Shareholders voiced dissatisfaction with the board last year over Tesla’s succession planning, and accused Musk of being distracted by his commitments to other companies. His chaotic 2022 takeover of Twitter Inc., the social media company he’s renamed X Corp., contributed to Tesla losing $672 billion in market capitalization that year.
Before that, directors rode out litigation related to Musk’s doomed effort to take Tesla private in 2018, and his calling a cave explorer involved in the rescue of a youth soccer team in Thailand that year a pedophile. They also testified in proceedings related to the $55 billion compensation package they arranged for Musk, and in a trial challenging Tesla’s $2.6 billion acquisition of SolarCity, the struggling power provider run by Musk’s cousins.

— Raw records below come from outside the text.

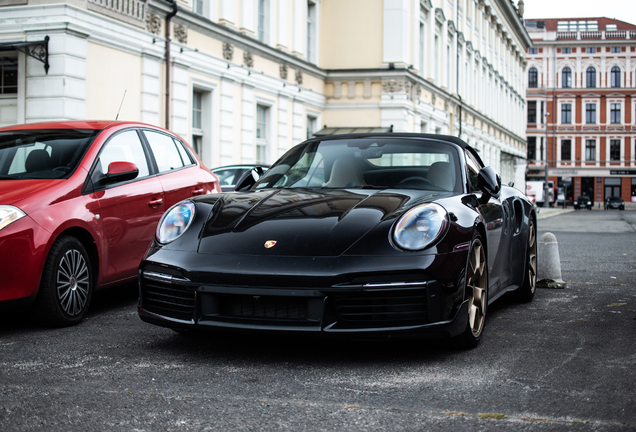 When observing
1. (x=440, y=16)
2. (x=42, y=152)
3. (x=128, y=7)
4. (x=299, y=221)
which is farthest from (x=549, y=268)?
(x=440, y=16)

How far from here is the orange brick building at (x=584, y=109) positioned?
82188 millimetres

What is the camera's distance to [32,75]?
15.8 metres

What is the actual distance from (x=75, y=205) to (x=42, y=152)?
753 millimetres

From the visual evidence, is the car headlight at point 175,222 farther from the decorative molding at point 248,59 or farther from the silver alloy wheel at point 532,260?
the decorative molding at point 248,59

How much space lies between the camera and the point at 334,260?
3.91 m

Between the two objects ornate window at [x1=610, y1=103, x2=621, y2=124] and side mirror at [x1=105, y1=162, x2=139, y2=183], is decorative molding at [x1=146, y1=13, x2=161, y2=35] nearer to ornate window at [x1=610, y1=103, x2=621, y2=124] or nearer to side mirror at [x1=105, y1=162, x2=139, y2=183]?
side mirror at [x1=105, y1=162, x2=139, y2=183]

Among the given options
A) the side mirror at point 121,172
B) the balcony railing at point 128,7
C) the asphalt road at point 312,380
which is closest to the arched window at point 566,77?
the balcony railing at point 128,7

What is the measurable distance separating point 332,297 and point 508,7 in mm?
60266

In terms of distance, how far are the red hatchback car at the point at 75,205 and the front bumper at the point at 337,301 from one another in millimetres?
1368

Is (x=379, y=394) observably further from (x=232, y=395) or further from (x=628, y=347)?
(x=628, y=347)

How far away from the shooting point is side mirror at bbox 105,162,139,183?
5535mm

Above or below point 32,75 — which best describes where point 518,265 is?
below

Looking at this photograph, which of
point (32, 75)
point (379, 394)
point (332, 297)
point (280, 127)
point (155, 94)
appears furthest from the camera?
point (280, 127)

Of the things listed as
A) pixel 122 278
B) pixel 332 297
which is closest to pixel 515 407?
pixel 332 297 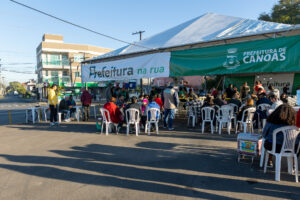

The report by the Journal — which said Musk has used LSD, cocaine, ecstasy and psychedelic mushrooms, often at private parties — isn’t even the Tesla board’s first brush with drug-related issues. Weeks after the New York Times reported in August 2018 that directors had expressed concern about Musk’s use of Ambien, he puffed a blunt containing marijuana on comedian Joe Rogan’s podcast.
Lawsuit Fodder
Tesla’s board took minimal action in the wake of those episodes. It replaced Musk as chairman and named two new independent directors as required by the settlement of fraud charges brought by the US Securities and Exchange Commission. It could face more litigation over its handling of Musk’s drug use, said Stephen Diamond, who teaches courses on corporate governance at Santa Clara University’s School of Law.
“This will give ammunition to class-action lawyers on behalf of disgruntled shareholders at Tesla, if they can tie evidence of drug use to his actual role as an executive,” Diamond said. “The Tesla board has an obligation to discern what’s going on here.”
While Musk’s drug use has the potential to harm his other enterprises — particularly Space Exploration Technologies Corp., a US government contractor — he derives more of his fortune from Tesla than any other company. His shares and exercisable stock options are worth $97.6 billion, or about 44% of his $219.4 billion net worth, according to the Bloomberg Billionaires Index.
“Whatever I’m doing, I should obviously keep doing it!” Musk posted on X, citing Tesla and SpaceX being the world’s most valuable car and space companies. “If drugs actually helped improve my net productivity over time, I would definitely take them!”
Board Breakdown
Tesla’s longest-serving directors are Musk, 52, and his younger brother, Kimbal — both have been on the board since 2004. Kimbal’s reelection to the board has gotten pushback in recent years from an investor critical of his lack of relevant industry experience and a proxy adviser concerned about objectivity.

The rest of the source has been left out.